How to learn a continous distribution incrementally?

Question

Suppose i have a random process that generates a singe number $x \in [0, 1]$ per time step $t$. Let's call the process $\pi$. At the beginning i assume that the the outcome is uniformly distributed. Now as i receive $x_t$ i update my belief over the process. As $t$ goes to $\infty$ i'll get an accurate representation.

Currently I'm keeping a set of particles $X$, which I initialize at the beginning in the range of $[0, 1]$, from which i draw uniformly. I do this because at the beginning I'm assuming that all the numbers in this range are equally likely.

Let's say i store 10.000 of them. Now that i get a new one I'll replace the oldest one with that value (sort of like a ring buffer or a FIFO queue). After some time the 10.000 particles will represent the underlaying distribution well enough. To generate samples from $\pi$ i randomly draw from $X$ which is now like drawing from $\pi$.

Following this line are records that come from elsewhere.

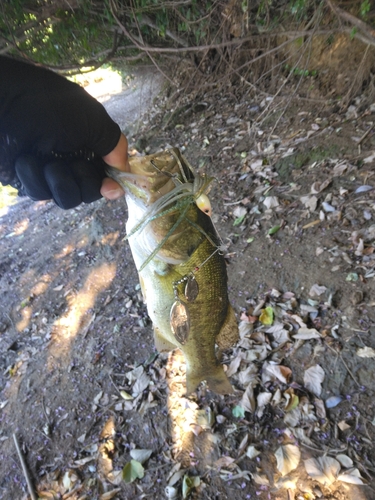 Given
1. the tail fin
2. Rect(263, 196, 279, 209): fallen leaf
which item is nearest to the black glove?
the tail fin

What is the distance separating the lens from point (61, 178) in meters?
1.40

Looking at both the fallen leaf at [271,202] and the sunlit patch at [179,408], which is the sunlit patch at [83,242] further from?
the fallen leaf at [271,202]

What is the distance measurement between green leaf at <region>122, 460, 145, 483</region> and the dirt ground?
0.02 metres

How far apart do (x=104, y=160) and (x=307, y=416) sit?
267cm

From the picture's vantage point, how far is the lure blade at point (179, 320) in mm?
1860

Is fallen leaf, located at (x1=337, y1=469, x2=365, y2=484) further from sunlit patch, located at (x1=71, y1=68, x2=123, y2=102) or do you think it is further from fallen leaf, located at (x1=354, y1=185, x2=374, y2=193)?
sunlit patch, located at (x1=71, y1=68, x2=123, y2=102)

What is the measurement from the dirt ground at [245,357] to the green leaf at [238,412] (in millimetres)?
23

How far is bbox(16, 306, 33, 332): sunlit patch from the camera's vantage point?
537cm

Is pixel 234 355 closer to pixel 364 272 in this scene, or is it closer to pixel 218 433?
pixel 218 433

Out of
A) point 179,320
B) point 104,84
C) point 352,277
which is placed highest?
point 179,320

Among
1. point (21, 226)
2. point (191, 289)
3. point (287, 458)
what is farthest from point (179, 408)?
point (21, 226)

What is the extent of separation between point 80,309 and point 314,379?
343cm

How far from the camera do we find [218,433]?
312 centimetres

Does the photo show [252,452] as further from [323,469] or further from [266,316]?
[266,316] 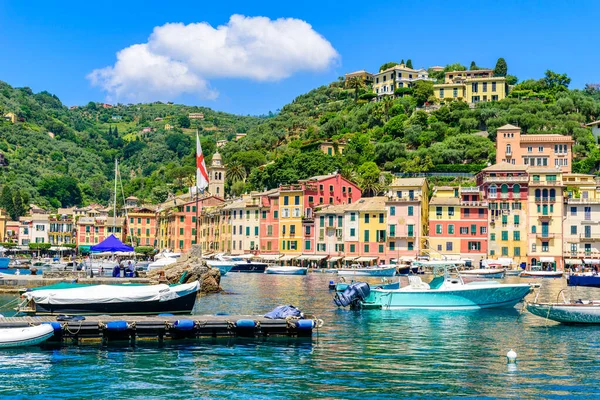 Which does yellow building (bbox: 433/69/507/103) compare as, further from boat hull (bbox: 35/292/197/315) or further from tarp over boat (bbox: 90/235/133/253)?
boat hull (bbox: 35/292/197/315)

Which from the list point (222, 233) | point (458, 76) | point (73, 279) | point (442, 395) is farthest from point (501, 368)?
point (458, 76)

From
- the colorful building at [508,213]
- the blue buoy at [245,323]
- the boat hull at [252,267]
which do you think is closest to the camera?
the blue buoy at [245,323]

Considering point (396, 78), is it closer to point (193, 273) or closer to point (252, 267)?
point (252, 267)

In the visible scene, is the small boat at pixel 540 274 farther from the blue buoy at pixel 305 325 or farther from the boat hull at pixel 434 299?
the blue buoy at pixel 305 325

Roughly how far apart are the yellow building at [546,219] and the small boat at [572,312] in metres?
56.7

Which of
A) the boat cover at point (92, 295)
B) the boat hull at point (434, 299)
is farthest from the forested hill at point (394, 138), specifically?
the boat cover at point (92, 295)

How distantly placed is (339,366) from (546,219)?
7273 cm

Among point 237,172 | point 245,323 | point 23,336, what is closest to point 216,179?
point 237,172

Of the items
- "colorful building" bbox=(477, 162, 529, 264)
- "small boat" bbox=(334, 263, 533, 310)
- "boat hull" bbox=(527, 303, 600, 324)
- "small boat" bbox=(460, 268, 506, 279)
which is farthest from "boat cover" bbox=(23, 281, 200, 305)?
"colorful building" bbox=(477, 162, 529, 264)

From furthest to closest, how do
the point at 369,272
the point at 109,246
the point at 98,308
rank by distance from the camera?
the point at 369,272 → the point at 109,246 → the point at 98,308

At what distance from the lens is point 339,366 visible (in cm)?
2500

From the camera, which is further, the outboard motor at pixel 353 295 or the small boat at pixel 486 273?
the small boat at pixel 486 273

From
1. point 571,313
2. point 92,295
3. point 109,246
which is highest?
point 109,246

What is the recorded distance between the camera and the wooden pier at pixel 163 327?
95.1 feet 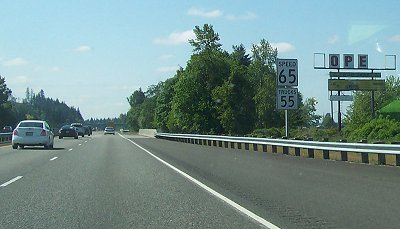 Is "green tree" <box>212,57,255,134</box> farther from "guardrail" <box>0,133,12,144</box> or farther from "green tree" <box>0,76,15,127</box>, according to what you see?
"green tree" <box>0,76,15,127</box>

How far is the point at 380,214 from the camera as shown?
9.48m

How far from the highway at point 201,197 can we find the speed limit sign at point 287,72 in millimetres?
11092

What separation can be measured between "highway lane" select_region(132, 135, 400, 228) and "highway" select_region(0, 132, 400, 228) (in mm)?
16

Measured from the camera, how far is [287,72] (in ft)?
97.4

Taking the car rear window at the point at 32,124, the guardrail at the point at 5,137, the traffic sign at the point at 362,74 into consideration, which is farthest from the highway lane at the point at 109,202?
the traffic sign at the point at 362,74

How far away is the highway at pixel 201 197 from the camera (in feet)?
29.3

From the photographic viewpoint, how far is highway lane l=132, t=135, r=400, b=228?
9172 millimetres

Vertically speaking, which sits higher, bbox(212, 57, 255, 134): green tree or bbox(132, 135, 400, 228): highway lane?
bbox(212, 57, 255, 134): green tree

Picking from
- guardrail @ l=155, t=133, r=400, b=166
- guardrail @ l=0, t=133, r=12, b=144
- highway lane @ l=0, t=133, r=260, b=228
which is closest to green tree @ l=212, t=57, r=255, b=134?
guardrail @ l=0, t=133, r=12, b=144

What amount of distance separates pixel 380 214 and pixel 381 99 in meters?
102

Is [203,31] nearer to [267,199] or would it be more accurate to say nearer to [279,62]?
[279,62]

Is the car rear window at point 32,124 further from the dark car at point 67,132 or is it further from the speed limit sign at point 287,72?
the dark car at point 67,132

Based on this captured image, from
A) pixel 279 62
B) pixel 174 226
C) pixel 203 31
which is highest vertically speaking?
pixel 203 31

To make it a bit clearer: My intension is not to learn the distribution per so, but rather to be able to sample from it using values I've already seen. So my idea was that the more samples i store the better my approximation will be.

Is there a more efficient way? Is there perhaps a neural network that learns a representation? I've read about Restricted Boltzmann Machines. Would that be something appropriate?

What exactly do you want to learn about the distribution? PDF? Or maybe CDF? — Tim, Aug 31 '17 at 14:37
"randomly initialize" — https://en.wikipedia.org/wiki/Hacker_koan#Uncarved_block — Kodiologist, Aug 31 '17 at 15:33
It looks like you're sampling to simulate the bayesian kernel density estimation with noninformatrive prior — Aksakal, Aug 31 '17 at 17:04
Btw, regarding your edit, sampling from kernel densities is pretty straightforward: https://stats.stackexchange.com/questions/286498/generate-random-draws-from-kernel-density-in-python/286557#286557 — Tim, Sep 01 '17 at 08:32

Tim · Accepted Answer · 2017-08-31T16:38:38.333

4

If the bounds of the distribution are known in advance, you can use binned kernel density estimator. If standard kernel density estimator is

$$ f(x) = \frac{1}{nh} \sum_{i=1}^n K \left( \frac{x-x_i}{h} \right) $$

then you can define binned kernel density estimator as

$$ g(x) = \frac{1}{nh} \sum_{i=1}^k n_i \, K \left( \frac{x-t_i}{h} \right) $$

for data binned into $k$ bins with sizes $n_1,\dots,n_k$ such that $\sum_i n_i = n$, with bin centers $t_1,\dots,t_k$.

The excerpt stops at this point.